# Dayan Guhong Center Piece



## bigwilly808 (Sep 16, 2011)

I was cleaning my Dayan II Guhong and one of the center pieces broke..I tried googling where to find replacement parts, speedcubeshop has a part on their website where you can order but it's going to be delayed..I just put Cubesmith smooth tiles on it -.-

I don't wanna waste my money by buying a whole cube again. Anybody know where I can get a Dayan II Guhong center piece? Anybody selling?


----------



## thackernerd (Sep 16, 2011)

Glue it?


----------



## Cheese11 (Sep 16, 2011)

Krazy glue man, fixed my mini QJ. Bonds plastic instantly.


----------



## izovire (Sep 16, 2011)

You mentioned that you will get a GG soon? I could just include a center piece free of charge. (I have a few extras)

To be more specific there are two center piece parts... the piece... and then the cap.. Which one is broken?


----------



## bigwilly808 (Sep 16, 2011)

izovire said:


> You mentioned that you will get a GG soon? I could just include a center piece free of charge. (I have a few extras)
> 
> To be more specific there are two center piece parts... the piece... and then the cap.. Which one is broken?
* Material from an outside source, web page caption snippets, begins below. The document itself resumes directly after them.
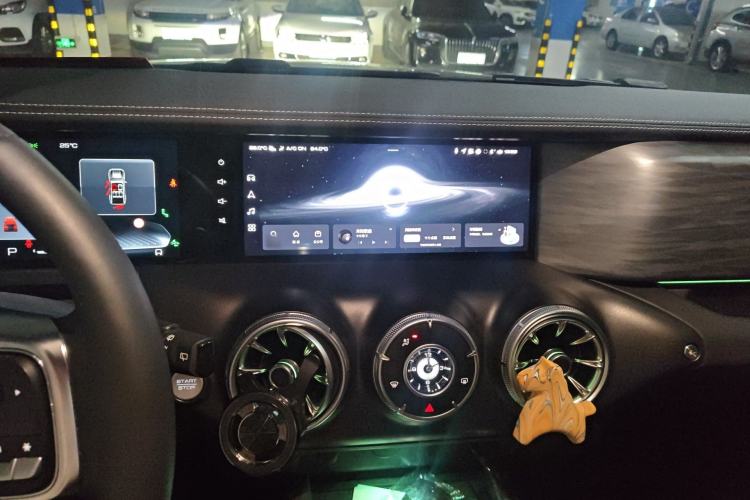 Used Tank 300 2021 City Edition 2.0T—Truly Stylish Audio And AC Panel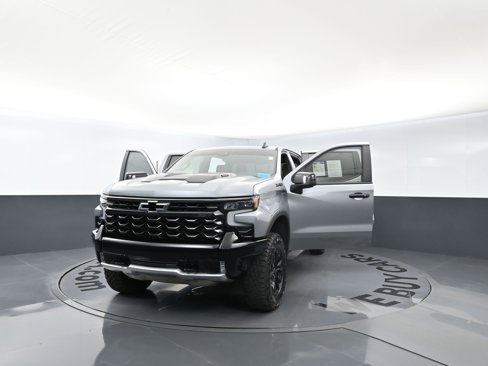 Used 2024 Chevrolet Silverado 1500 ZR2 w/ Technology Package image 26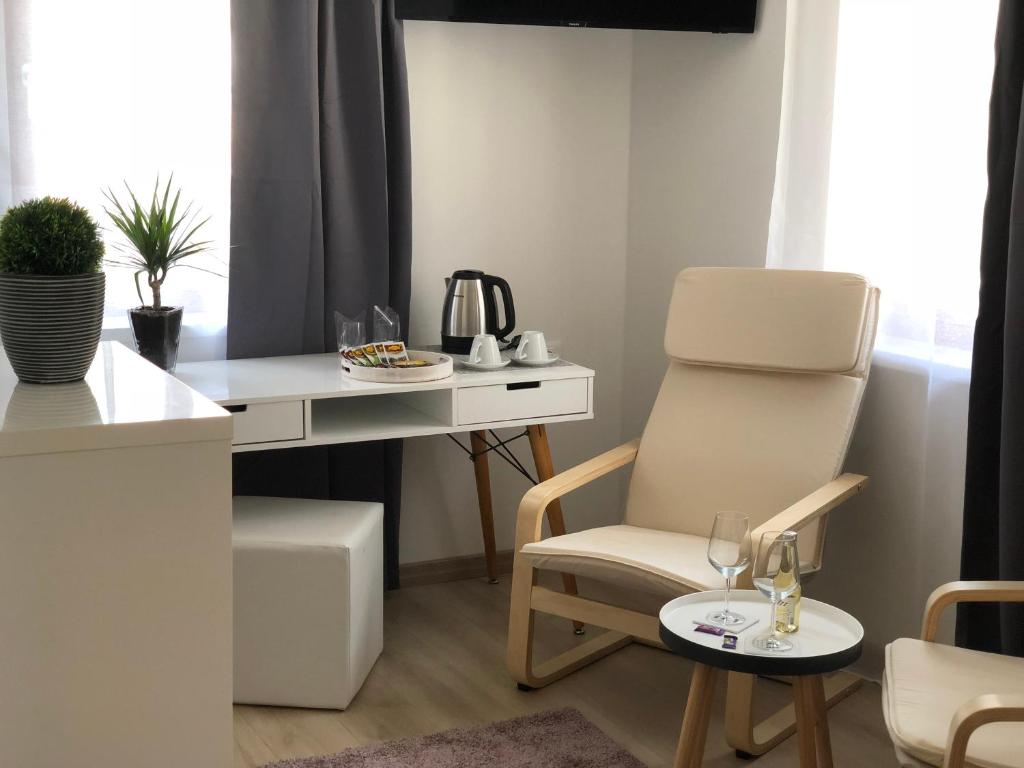 Habitación con escritorio, silla y mesa. en Gostisce Sovdat, en Bovec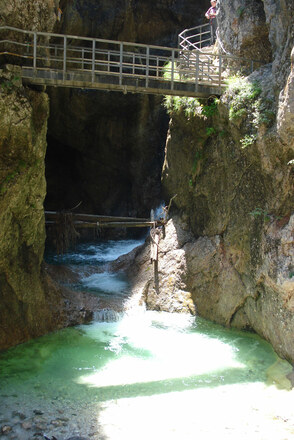 Tolle Brücken durch die Almbachklamm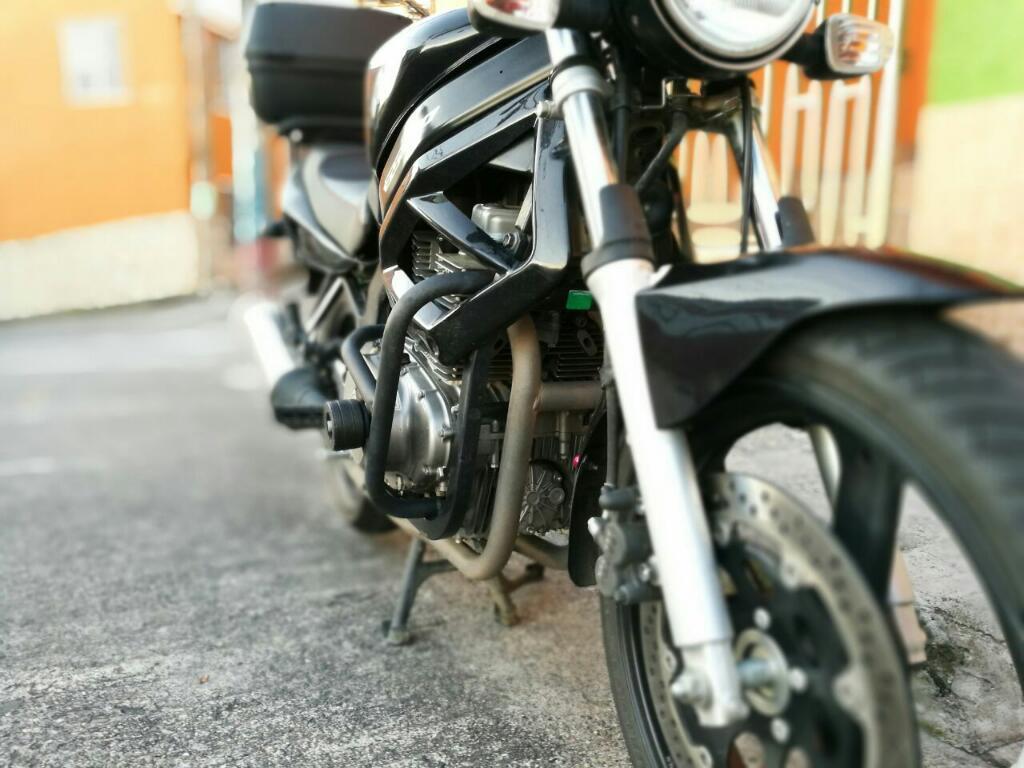 Moto Gs 500 Modelo 2016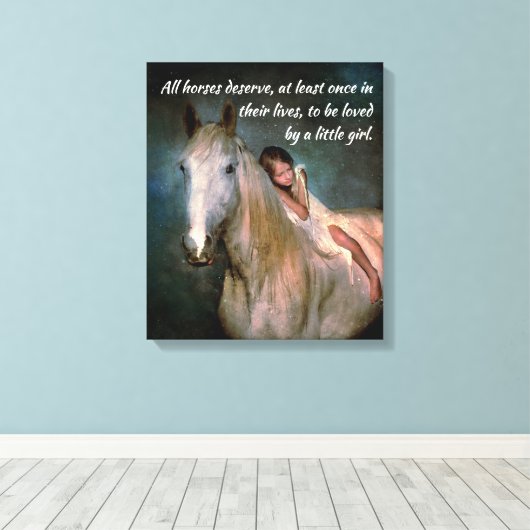 Mooi wit paard en klein meisje Sierkussen Canvas Afdruk (Insitu (Houten vloer))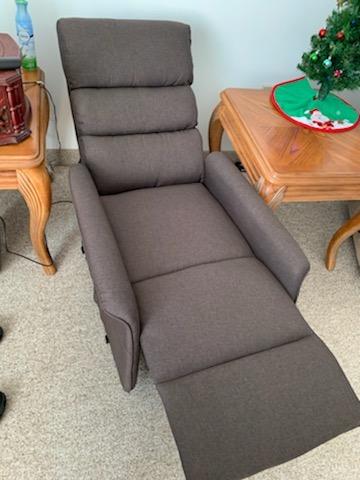 HOMCOM Power Lift Recliner Chair for Elderly, Easy Assembly, Black customer photo 1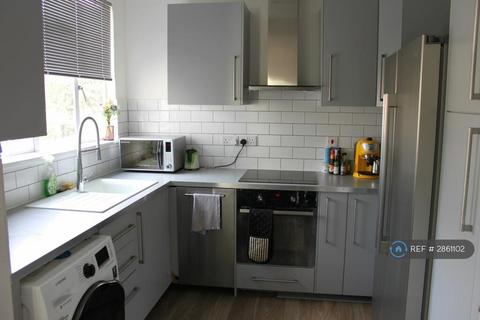 3 bedroom flat to rent, Thurleigh Court, London, SW12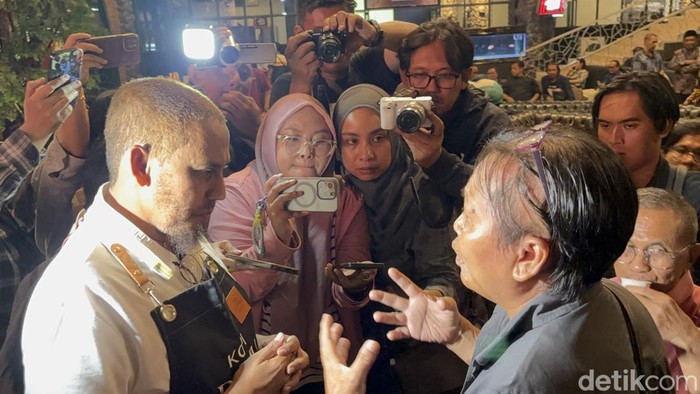Penyintas Bom Bali I Chusnul berjumpa Umar Patek Penyintas Bom Bali I Chusnul berjumpa Umar Patek
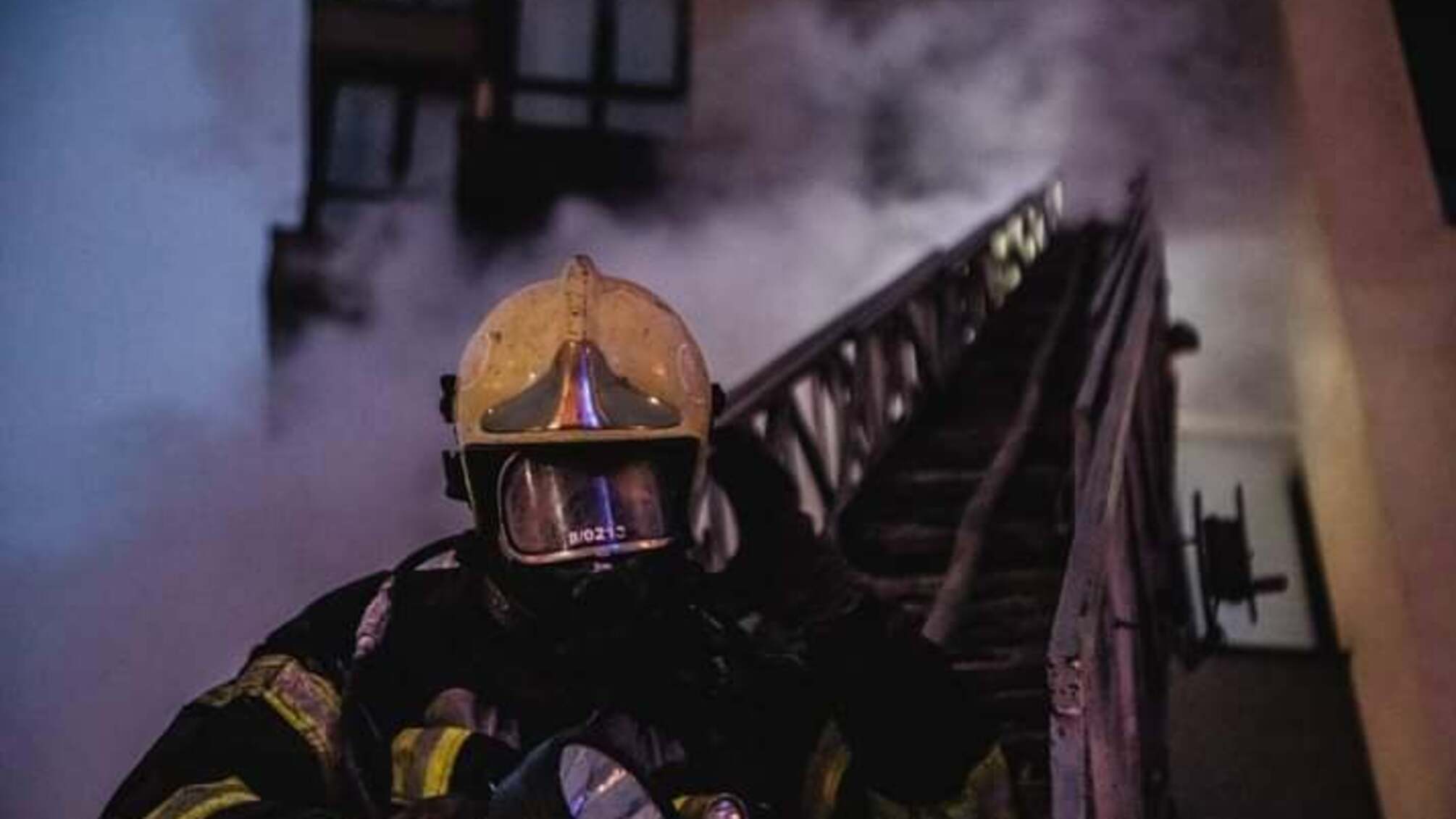 У Києві рятувальниками під час ліквідації пожежі в квартирі виведено 16 людей, з них 5 дітей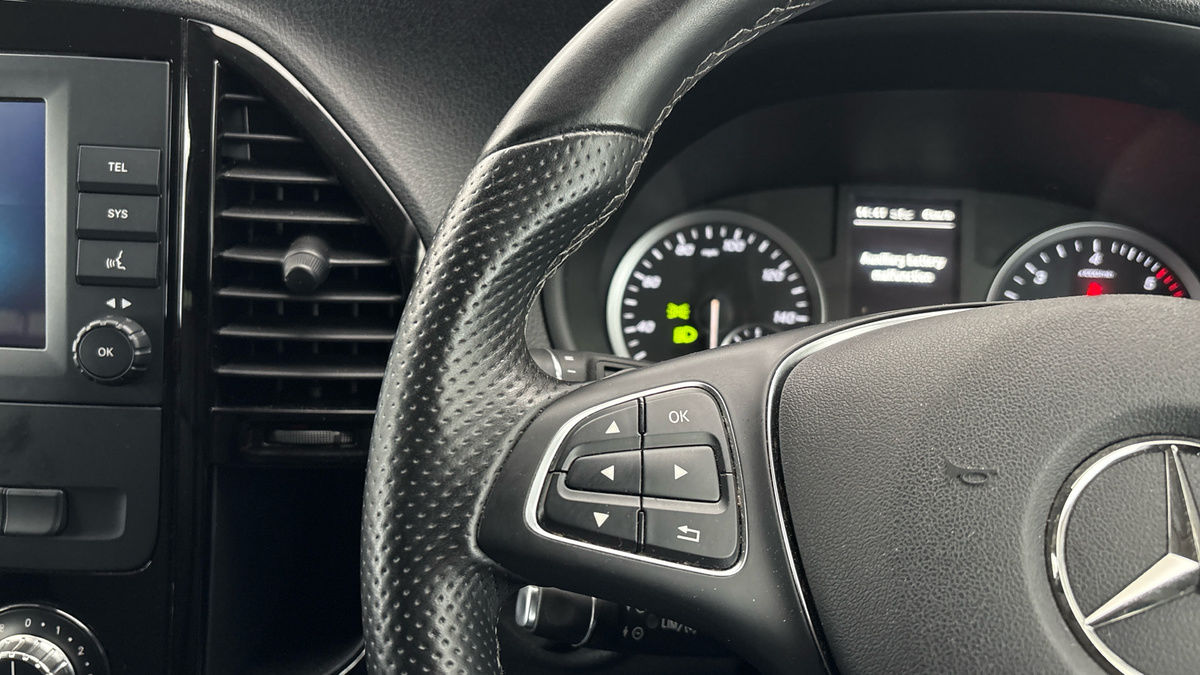 Mercedes-Benz Vito Image 13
Lol it was that round part of the bottom of the center piece where the edges and corners rub on. It just broke when I put pressure on it. (Cleaning) CRC must've weakened the plastic or something -.-


----------



## antoineccantin (Sep 16, 2011)

bigwilly808 said:


> Lol it was that round part of the bottom of the center piece where the edges and corners rub on. It just broke when I put pressure on it. (Cleaning) CRC must've weakened the plastic or something -.-


 
It actually works without it.


----------



## bigwilly808 (Sep 17, 2011)

antoineccantin said:


> It actually works without it.


 
I don't think it will work lol. (I circled the parts of the center pieces to show you guys what broke. That whole black round thing is totally gone.)


----------



## insane569 (Sep 17, 2011)

bigwilly808 said:


> I don't think it will work lol. (I circled the parts of the center pieces to show you guys what broke. That whole black round thing is totally gone.)


 
it doesnt really need does parts
i sanded mine down alot to make the edges rotate around easier


----------



## Cheese11 (Sep 18, 2011)

insane569 said:


> it doesnt really need does parts
> i sanded mine down alot to make the edges rotate around easier


 
Then wouldn't the centre peices sink into the cube alot?


----------



## DRAGON_RYU (Sep 28, 2011)

NO the edges and the corners hold it but if you dissemble the cube yeah.
2 of mine is broken 2.
Damn.


----------



## yoinneroid (Sep 28, 2011)

I once broke all 6 of them and had to bought a new one.
Later, when I got the new one, i accidentally broke another 2 of them XD, in the end i stick for my haiyan memory lol.
But yeah, those parts sure got broken easily.


----------



## Cheese11 (Sep 28, 2011)

yoinneroid said:


> I once broke all 6 of them and had to bought a new one.
> Later, when I got the new one, i accidentally broke another 2 of them XD, in the end i stick for my haiyan memory lol.
> But yeah, those parts sure got broken easily.


 
The question is, how did you go about breaking them? I really don't think that they would just break on there own. I've have my GuHong for over 6 months and they havn't broken.


----------



## ~Phoenix Death~ (Sep 29, 2011)

The same happened to my DaYan LunHui, but I was able to trade it for a Master Pyramorphinx.
I hate it when stuff like that happens, suck


----------



## yoinneroid (Oct 1, 2011)

well, i overtighten it, and so... yeah, the plastic is somewhat soft
oh, i tighten it when it was dissasembled so there were no pieces that could hold the center piece from being pressed by the screw and the core


----------